Beruhard Severin Ingemann, a Danish poet, born at Torkildstrup, on the island of Falster, May 28, 1789, died in Copenhagen, Feb. 24, 1862. He was the son of a clergyman, and was still at the university when he published a volume of poetry in 1811. After his return from his travels in Europe he became connected in 1822 with the academy of Soro, of which he was a director from 1843 till its suspension in 1849. His most celebrated works are his epics Waldemar de Store and Holger Danske, his national anthem Danebrog, and his sacred songs. Many of his picturesque novels in relation to mediaeval Denmark have been translated into English and other foreign languages. His complete works include dramatic poems (6 vols., 1843), historical poems and novels (12 vols., 1847-'51), tales and stories (12 vols., 1847-56), and ballads, songs, and fables (9 vols., 1845-'64). His autobiography, edited by Galskjoet, appeared in 1862.


Berytus. See Beyrout.


Besitun. See Behistun.


Beth-Horon (Heb., place of caverns), Upper and Lower, two villages of ancient Palestine, situated 9 m. N. W. of Jerusalem. The former is identical with the modern village of Beit Ur d-Foka, and the other corresponds to Beit Ur el-Tahta. There is a pass between the two villages, down which Joshua pursued the Amorite kings. Beth-horon was included within the district of Ephraim. Solomon fortified it, probably on account of its commanding position and because it was the key of the principal pass to Jerusalem. Traces of ancient walls are still visible.

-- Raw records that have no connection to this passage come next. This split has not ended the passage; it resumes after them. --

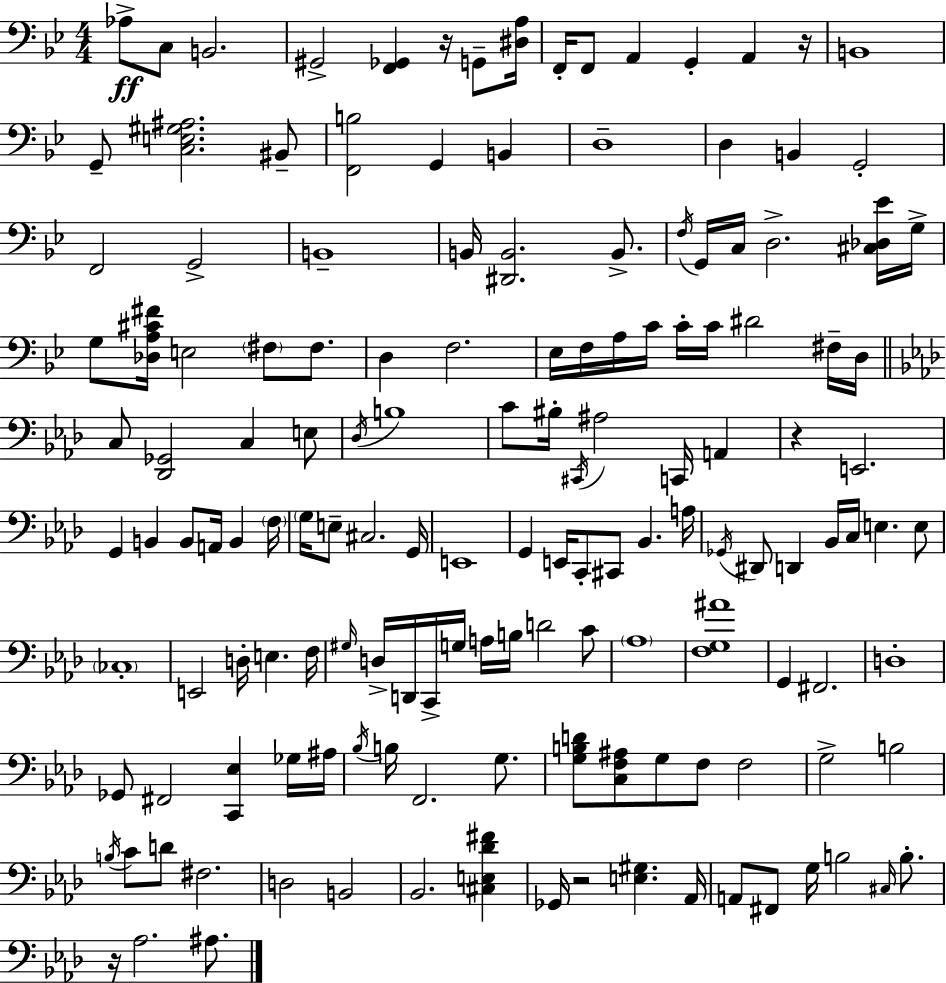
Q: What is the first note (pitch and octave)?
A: Ab3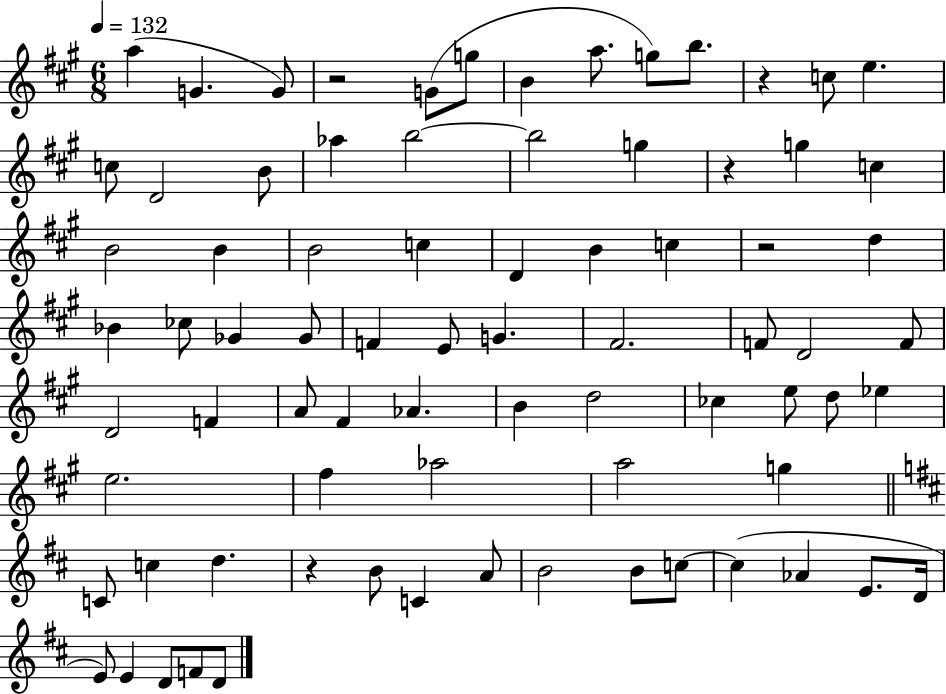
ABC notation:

X:1
T:Untitled
M:6/8
L:1/4
K:A
a G G/2 z2 G/2 g/2 B a/2 g/2 b/2 z c/2 e c/2 D2 B/2 _a b2 b2 g z g c B2 B B2 c D B c z2 d _B _c/2 _G _G/2 F E/2 G ^F2 F/2 D2 F/2 D2 F A/2 ^F _A B d2 _c e/2 d/2 _e e2 ^f _a2 a2 g C/2 c d z B/2 C A/2 B2 B/2 c/2 c _A E/2 D/4 E/2 E D/2 F/2 D/2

Bethleuemites. I. An ancient monastic order as to which there is great uncertainty, no monastery being known except that at Cambridge, England, said by Matthew Paris to have been founded in 1257. II. An order of religious hospitallers founded about 1055 in Guatemala by Fray Pedro de Betancurt of St. Joseph, a native of Teneriffe. He was a Franciscan tertiary, and his associates assumed that habit, but soon adopted constitutions of their own, which were approved by Pope Innocent XI in 1687. They devoted themselves to the education of the poor and the care of the sick. The order spread to Mexico and Peru, and also, it is said, to the Canary islands, being governed by a general at Guatemala. A year after Fray Pedro's death in 1667, the Bethlehemite nuns were founded by Maria Anna del Galdo, also a Franciscan tertiary, and devoted themselves to the same objects among their own sex.

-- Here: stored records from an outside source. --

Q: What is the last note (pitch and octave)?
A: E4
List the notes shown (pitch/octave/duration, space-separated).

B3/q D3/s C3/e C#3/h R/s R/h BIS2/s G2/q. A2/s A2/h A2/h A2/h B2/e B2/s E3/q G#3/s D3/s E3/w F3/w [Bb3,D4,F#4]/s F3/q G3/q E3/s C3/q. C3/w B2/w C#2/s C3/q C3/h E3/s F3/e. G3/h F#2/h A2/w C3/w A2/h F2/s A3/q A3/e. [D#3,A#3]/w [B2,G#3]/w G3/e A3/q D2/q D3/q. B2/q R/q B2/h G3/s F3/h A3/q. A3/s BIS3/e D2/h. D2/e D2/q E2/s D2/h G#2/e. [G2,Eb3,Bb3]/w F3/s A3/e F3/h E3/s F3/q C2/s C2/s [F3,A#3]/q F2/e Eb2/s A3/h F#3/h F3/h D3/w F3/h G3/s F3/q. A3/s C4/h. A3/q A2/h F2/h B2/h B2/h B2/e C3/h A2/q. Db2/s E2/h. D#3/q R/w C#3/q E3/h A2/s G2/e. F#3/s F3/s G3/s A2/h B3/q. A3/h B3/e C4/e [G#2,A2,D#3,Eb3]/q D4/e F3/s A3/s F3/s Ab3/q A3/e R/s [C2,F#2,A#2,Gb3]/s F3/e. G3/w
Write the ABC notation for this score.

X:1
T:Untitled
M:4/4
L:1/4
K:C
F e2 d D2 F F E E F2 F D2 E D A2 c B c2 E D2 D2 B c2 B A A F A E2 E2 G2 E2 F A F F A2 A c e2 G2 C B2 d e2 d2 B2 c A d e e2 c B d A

Bethune, a fortified town of Artois, France, in the department of Pas-de-Calais, on the Law and Aire canals, built on a rock above the river Brette, 10 m. N. N. W. of Arras; pop. in 1866, 8,178. It has a Gothic cathedral, a communal college, and several hospitals. The triangular fortress and citadel are among Vau-ban's finest works. Linen, cloth, beet-root sugar, and other articles, are manufactured here, and the trade is important. The town was ruled by local counts from the 11th to the middle of the 17th century. The title of count of Bethune became extinct in 1807. Gaston d'Orleans took Bethune from the Spaniards in 1645; it was retaken by Prince Eugene in 1710, and definitively annexed to France by the treaty of Utrecht (1713). The first artesian wells are said to have been bored here.